## Opinion Role Labeling

### Using the NER approach
-------

**Requirements**
```
!pip install transformers datasets evaluate seqeval
```

alternatively use the following command (on *anaconda*):
```
!conda install -y -c conda-forge transformers datasets evaluate seqeval
```

**Load a dataset in the following format**
```
[CLS] Das immer wieder mit dem Separatismus liebäugelnde französischsprachige Quebec wollte sich mit dem Verfassungskompromiss , TARGET die neun vorwiegend englischsprachigen HOLDER schliesslich zugestimmt hatten , nicht abfinden . [SEP] 
[CLS] Das immer wieder mit dem Separatismus liebäugelnde französischsprachige Quebec wollte sich mit dem Verfassungskompromiss , dem die neun vorwiegend englischsprachigen Provinzen schliesslich zugestimmt hatten , nicht abfinden . [SEP] 
[CLS] Von den beiden grossen Gewerkschaften hatte die HOLDER ( Unión General del Trabajo ) dieses TARGET unterstützt , während die Comisiones Obreras ( CCOO ) es im Vorfeld abgelehnt hatten , sich jetzt aber mit dem Resultat abfinden . [SEP] 
[CLS] Von den beiden grossen Gewerkschaften hatte die UGT ( Unión General del Trabajo ) dieses Vorhaben unterstützt , während die Comisiones Obreras ( CCOO ) es im Vorfeld abgelehnt hatten , sich jetzt aber mit dem Resultat abfinden . [SEP] 
[CLS] Der HOLDER hat keine TARGET verletzt . » Petkovic lehnt laut italienischen Medien auch ein Angebot ab , mit 30 Prozent der Summe abgefunden zu werden . [SEP] 
[CLS] Der Trainer hat keine Regeln verletzt . » Petkovic lehnt laut italienischen Medien auch ein Angebot ab , mit 30 Prozent der Summe abgefunden zu werden . [SEP] 
```

In [27]:
# CONFIG VARIABLES

# DATASET_PATH="../../etl/data/raw/03_holder_target.txt"

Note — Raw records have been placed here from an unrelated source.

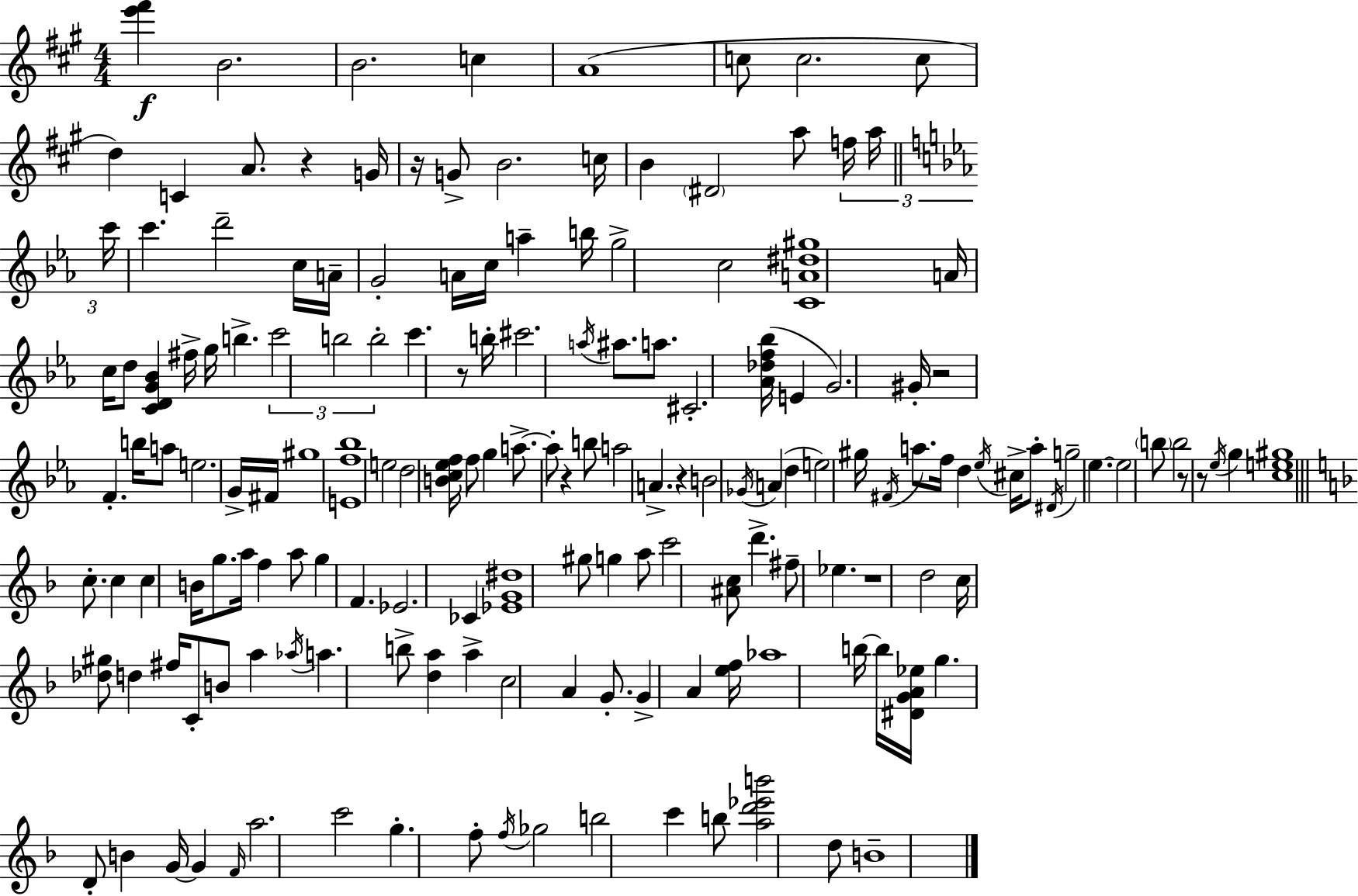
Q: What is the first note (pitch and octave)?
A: B4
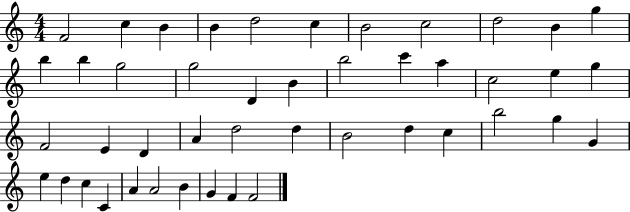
F4/h C5/q B4/q B4/q D5/h C5/q B4/h C5/h D5/h B4/q G5/q B5/q B5/q G5/h G5/h D4/q B4/q B5/h C6/q A5/q C5/h E5/q G5/q F4/h E4/q D4/q A4/q D5/h D5/q B4/h D5/q C5/q B5/h G5/q G4/q E5/q D5/q C5/q C4/q A4/q A4/h B4/q G4/q F4/q F4/h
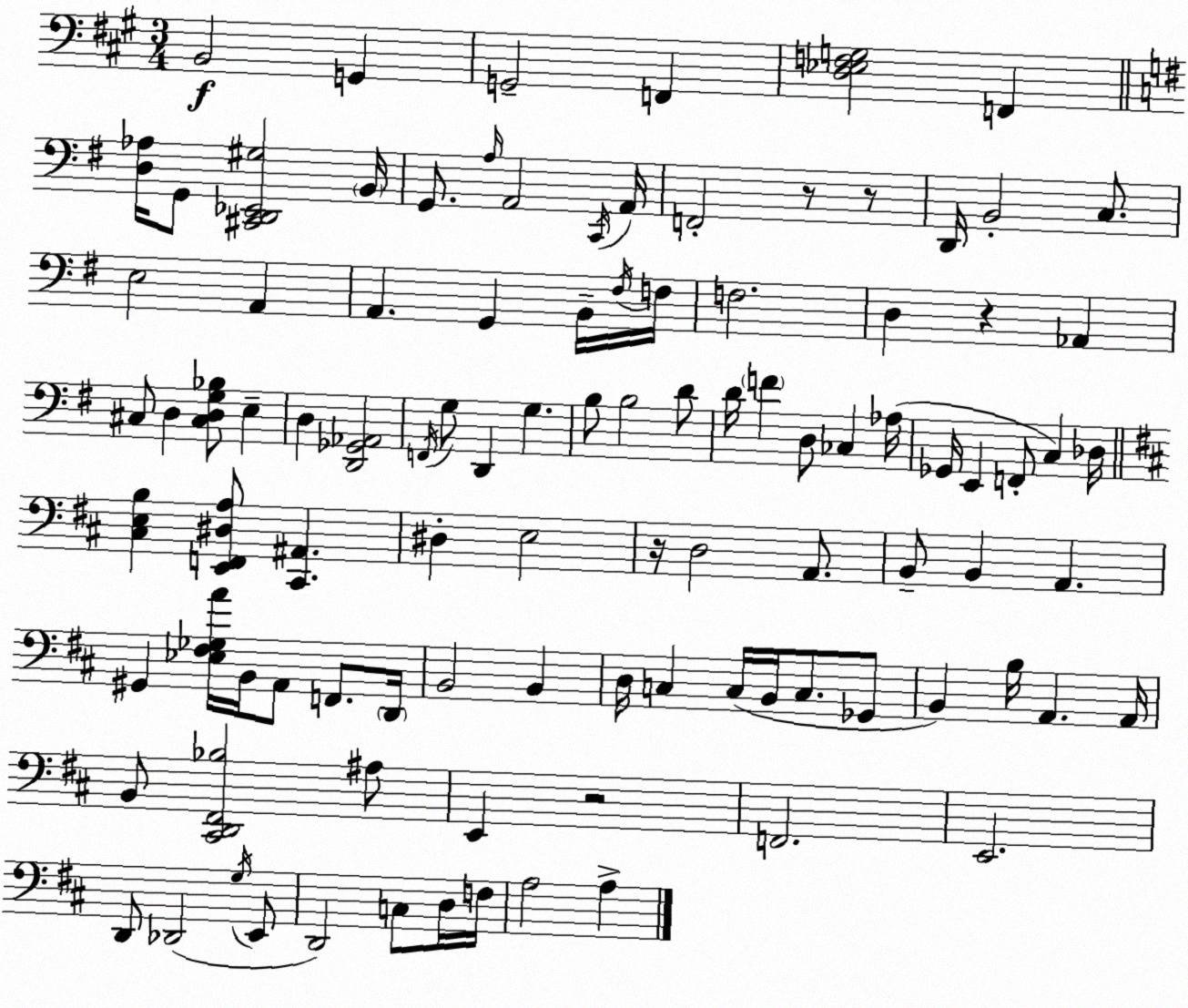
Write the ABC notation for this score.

X:1
T:Untitled
M:3/4
L:1/4
K:A
B,,2 G,, G,,2 F,, [D,_E,F,G,]2 F,, [D,_A,]/4 G,,/2 [^C,,D,,_E,,^G,]2 B,,/4 G,,/2 A,/4 A,,2 C,,/4 A,,/4 F,,2 z/2 z/2 D,,/4 B,,2 C,/2 E,2 A,, A,, G,, B,,/4 ^F,/4 F,/4 F,2 D, z _A,, ^C,/2 D, [^C,D,G,_B,]/2 E, D, [D,,_G,,_A,,]2 F,,/4 G,/2 D,, G, B,/2 B,2 D/2 D/4 F D,/2 _C, _A,/4 _G,,/4 E,, F,,/2 C, _D,/4 [^C,E,B,] [E,,F,,^D,A,]/2 [^C,,^A,,] ^D, E,2 z/4 D,2 A,,/2 B,,/2 B,, A,, ^G,, [_E,^F,_G,A]/4 B,,/4 A,,/2 F,,/2 D,,/4 B,,2 B,, D,/4 C, C,/4 B,,/4 C,/2 _G,,/2 B,, B,/4 A,, A,,/4 B,,/2 [^C,,D,,^F,,_B,]2 ^A,/2 E,, z2 F,,2 E,,2 D,,/2 _D,,2 G,/4 E,,/2 D,,2 C,/2 D,/4 F,/4 A,2 A,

TRAIN_DATASET_PATH="../../etl/data/processed/ORLConverter/01_train_orl.txt"
VAL_DATASET_PATH="../../etl/data/processed/ORLConverter/01_val_orl.txt"
TEST_DATASET_PATH="../../etl/data/processed/ORLConverter/01_test_orl.txt"

GENERATE_DATASET=True

BASE_MODEL_NAME="distilbert-base-german-cased"

TRAINED_MODEL_NAME="./data/trained_model_german_bert"

In [28]:
def read_sents(dataset_path):
    sents = []

    with open(dataset_path, "r", encoding="utf-8") as f:
        for c, l in enumerate(f.readlines()):
            if c < 100:
                pass
            sents.append(l.strip())

    # Der Minister findet die Debatte langweilig.
    real_sents = sents[1::2]

    # Der HOLDER findet die TARGET langweilig.
    masked_sents = sents[0::2]

    assert len(real_sents) == len(masked_sents), "Nr of masked and real sentences are not equal!"

    print(f"Total rows in the data: {len(real_sents) + len(masked_sents)}")
    
    return real_sents, masked_sents

train_sents_real, train_sents_masked = read_sents(TRAIN_DATASET_PATH)
val_sents_real, val_sents_masked = read_sents(VAL_DATASET_PATH)
test_sents_real, test_sents_masked = read_sents(TEST_DATASET_PATH)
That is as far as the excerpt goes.